A largely self-taught musician and singer, Acuna has performed in bands and solo since 1968. Brought up in a peasant family in southern Chile, Acuna was exposed to left politics at an early age and has been an activist ever since.

Following the military coup which ousted the democratically elected Socialist Party government in Chile in 1973, Acuna suffered the political persecution imposed on so many leftists at the time. She and her family all lost their jobs, and many of her friends disappeared. She arrived in Australia as a political refugee in 1978.

Ten years ago, Acuna began composing her own songs based on these experiences. A number of them have been published in Chilean, Spanish and Australian publications. In 1994, she released her first cassette, titled Un Canto Latino Americano (A Latin American Song).

Acuna's compositions proudly reflect her working-class roots and her belief that "struggling against injustice gives meaning to life". They deal with subjects ranging from the everyday, (such as her tribute song "Mum"), to indigenous land rights ("To the Mapuche People"), refugees ("The Migrant and the Sea"), cultural dissent ("To the Memory of a Singer"), as well as many songs about the struggle for women's liberation and socialism.

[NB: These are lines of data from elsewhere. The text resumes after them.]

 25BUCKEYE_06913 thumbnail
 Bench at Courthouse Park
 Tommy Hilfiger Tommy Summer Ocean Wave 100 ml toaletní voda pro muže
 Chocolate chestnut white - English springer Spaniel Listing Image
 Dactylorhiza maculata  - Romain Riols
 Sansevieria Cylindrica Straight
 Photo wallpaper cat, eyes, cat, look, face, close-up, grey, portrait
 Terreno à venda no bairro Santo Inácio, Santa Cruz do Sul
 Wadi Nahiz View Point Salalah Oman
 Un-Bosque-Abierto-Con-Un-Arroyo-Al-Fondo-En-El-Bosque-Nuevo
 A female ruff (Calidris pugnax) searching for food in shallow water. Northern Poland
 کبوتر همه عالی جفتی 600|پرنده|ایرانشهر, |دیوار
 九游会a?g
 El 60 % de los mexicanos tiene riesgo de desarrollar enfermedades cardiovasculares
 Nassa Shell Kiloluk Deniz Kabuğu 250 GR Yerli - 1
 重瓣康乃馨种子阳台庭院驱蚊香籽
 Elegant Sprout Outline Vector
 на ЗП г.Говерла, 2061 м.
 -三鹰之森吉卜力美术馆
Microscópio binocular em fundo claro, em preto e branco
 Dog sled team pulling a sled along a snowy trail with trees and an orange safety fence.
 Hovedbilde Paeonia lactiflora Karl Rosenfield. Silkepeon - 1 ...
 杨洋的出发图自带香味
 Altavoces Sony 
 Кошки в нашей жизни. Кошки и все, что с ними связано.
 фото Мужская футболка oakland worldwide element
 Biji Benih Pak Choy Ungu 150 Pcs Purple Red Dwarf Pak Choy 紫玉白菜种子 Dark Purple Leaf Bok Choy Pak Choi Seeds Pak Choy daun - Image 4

Unlike much of the liberation music that has emerged from the Third World, Acuna's works reveal a strong internationalism, a perspective she attributes to the influence of her parents' discussions about the Spanish Civil War when she was a child, and her own observations of the Cuban revolution. In her composition "Third World Labourer", she sings:
"If I am asked where I come from,
"I will answer that I am a labourer,
"that in the empire of greed,
"exploitation hurts the same."

The New Song Movement produced music which reflected a deep anger at injustice, suffering and imperialist greed in Latin America. It is not "feel good" music, and Acuna's work is no exception. True to the movement's tradition, however, her songs, and her performance of them, are also full of hope, rebelliousness and optimism about the capacity of people to fight for and create a better world. Acuna paints a vision of a free, just and joyous world: "When there is not one heart left in this world/ which does not tremble at the suffering of others,/ when the word 'us' means the same as 'me'".